My brother has had chronic back pain ever since a garage door fell on his head at a construction site. After trying everything, he has given up and seems deeply depressed. The doctor says he qualifies for disability and that his pain is a disease. What makes pain a disease? What does that mean?
Pain that occurs after major trauma like the head injury your sustained that lasts indefinitely is labeled chronic. This type of pain has been the focus of neuroimaging studies for the last two decades. Neuroimaging has opened our eyes to the changes in the brain that accompany chronic pain. Changes that affect the anatomy, biochemistry, and neurochemistry of the nervous system.

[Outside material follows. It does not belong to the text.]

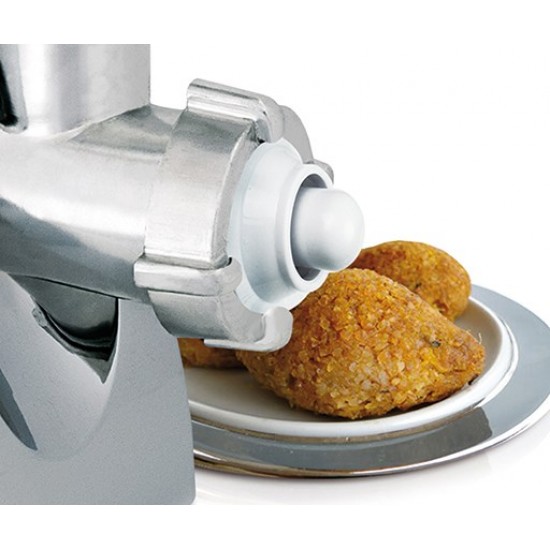 Taurus Savoy mincer 450 W Stainless steel, White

These techniques have made it possible to study the brains of patients with chronic pain compared to individuals without pain. Measuring density of brain tissue, connections between brain structures, brain biochemistry, and location and type of neurotransmitters and their receptors has helped explain more about central pain processing. Central pain processing refers to how pain is processed in the central nervous system (brain and spinal cord).
Clearly the brain is altered in patients with chronic pain. It's these measurable physiologic changes that define chronic pain as a disease rather than a syndrome. The medical definition of disease is any disorder of structure or function in a human, animal, or plant; especially one that produces specific symptoms. A syndrome is more of a collection of signs and symptoms not always with an identifiable organic cause.
With observable changes in the brain, it makes sense to think that the disordered brain function could be considered a disease. But there are other experts who disagree because it's not always clear which came first: the pain or the brain changes? Scientists are focused now on unraveling this question with the hope of finding more effective (and permanently successful) ways to treat people like your brother who suffers from a chronic pain condition with no end in sight and poor quality of life as a result.
Irene Tracey, and M. Catherine Bushnell. How Neuroimaging Studies Have Challenged Us to Rethink: Is Chronic Pain a Disease? In The Journal of Pain. November 2009. Vol. 10. No. 11. Pp. 1113-1120.